Survey Sampling

Surveys are how epidemiologists estimate population quantities—prevalence, coverage, exposure—without measuring everyone. The sampling design determines both how to draw the sample and how to weight it so estimates generalize to the target population.

Common sampling designs

Simple random sampling (SRS) — every unit has an equal probability of selection, and every subset of size $n$ is equally likely. The baseline against which other designs are compared.
Stratified sampling — partition the population into strata (e.g., age groups, regions) and sample within each. Guarantees representation of every stratum and, when strata are internally homogeneous, lowers variance.
Cluster sampling — randomly select groups (clusters, e.g., clinics or villages) and survey units within them. Cheaper for dispersed populations but usually less efficient because units within a cluster are correlated.
Probability-proportional-to-size (PPS) — select clusters with probability proportional to their size, so larger clusters are more likely to be chosen; combined with weighting this can yield efficient, self-weighting designs.

Weighting and post-stratification

When selection probabilities differ, each sampled unit represents a different number of population units. The design weight is the inverse of the selection probability, $w_i = 1/\pi_i$ . A weighted mean estimates the population mean:

$\hat{\bar{Y}} = \frac{\sum_i w_i\,y_i}{\sum_i w_i}.$

Post-stratification further adjusts weights so the sample’s margins (e.g., by age and sex) match known population totals, correcting for coverage and non-response imbalance.

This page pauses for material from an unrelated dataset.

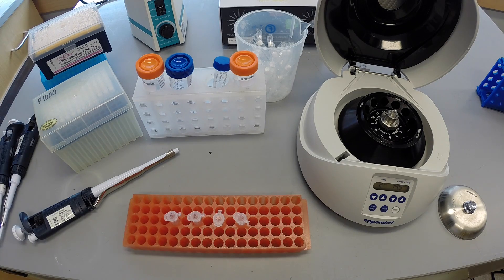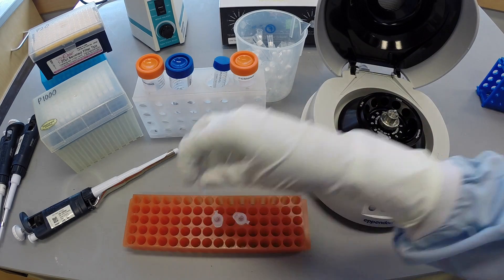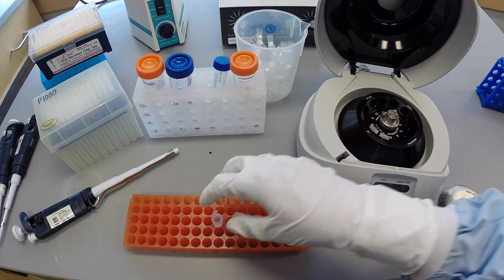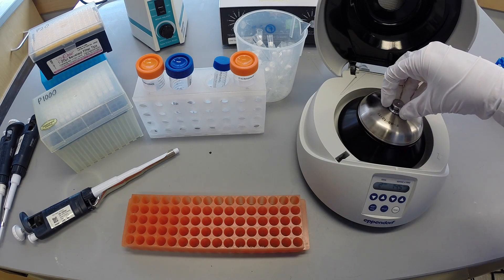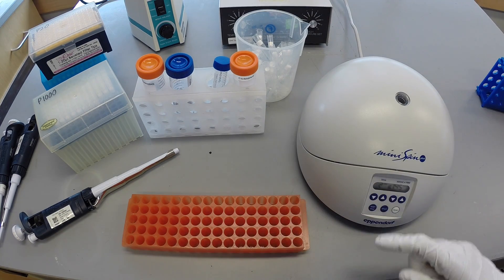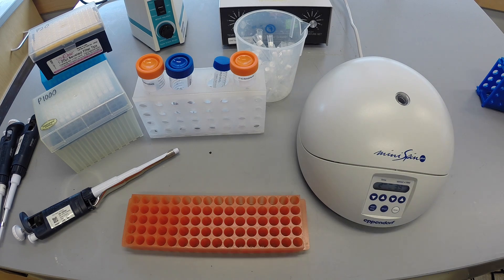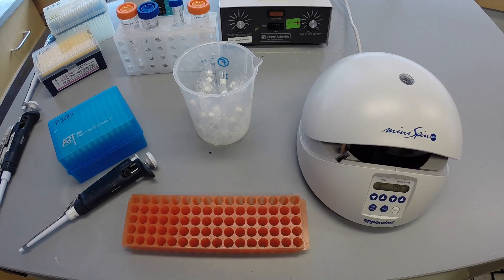Place the samples in the centrifuge, being mindful of balance, and spin for two minutes. Remove the tubes from the centrifuge carefully.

Missing data and imputation

Non-response leaves gaps. Beyond weighting adjustments, imputation fills in missing values—single imputation (e.g., mean or regression) or, preferably, multiple imputation, which fills each gap several times to propagate the added uncertainty into standard errors.

Worked conceptual example

Suppose a district has 800 urban and 200 rural residents (1000 total) and we take a stratified sample of 80 urban and 20 rural (a 10% sample in each stratum). Selection probabilities are equal at $\pi_i = 0.1$ , so weights are $w_i = 10$ for everyone—a self-weighting design in which the unweighted sample mean already estimates the population mean. If instead we oversampled rural residents (say 40 of 200, $\pi=0.2$ ) for precision there, their weight would be $5$ versus $10$ for urban, and we would weight by $w_i$ to avoid over-representing rural values.

In R the survey package handles such designs directly: build a design object and call svymean for design-consistent estimates and standard errors.

In code

Draw an SRS and a stratified sample.

R

set.seed(1)
pop <- data.frame(id = 1:1000,
                  stratum = rep(c("urban", "rural"), c(800, 200)),
                  y = c(rnorm(800, 10), rnorm(200, 12)))

# Simple random sample of 100
srs <- pop[sample(nrow(pop), 100), ]

# Stratified: 10% within each stratum
strat <- do.call(rbind, lapply(split(pop, pop$stratum),
$                  function(d) d[sample(nrow(d), 0.1 * nrow(d)), ]))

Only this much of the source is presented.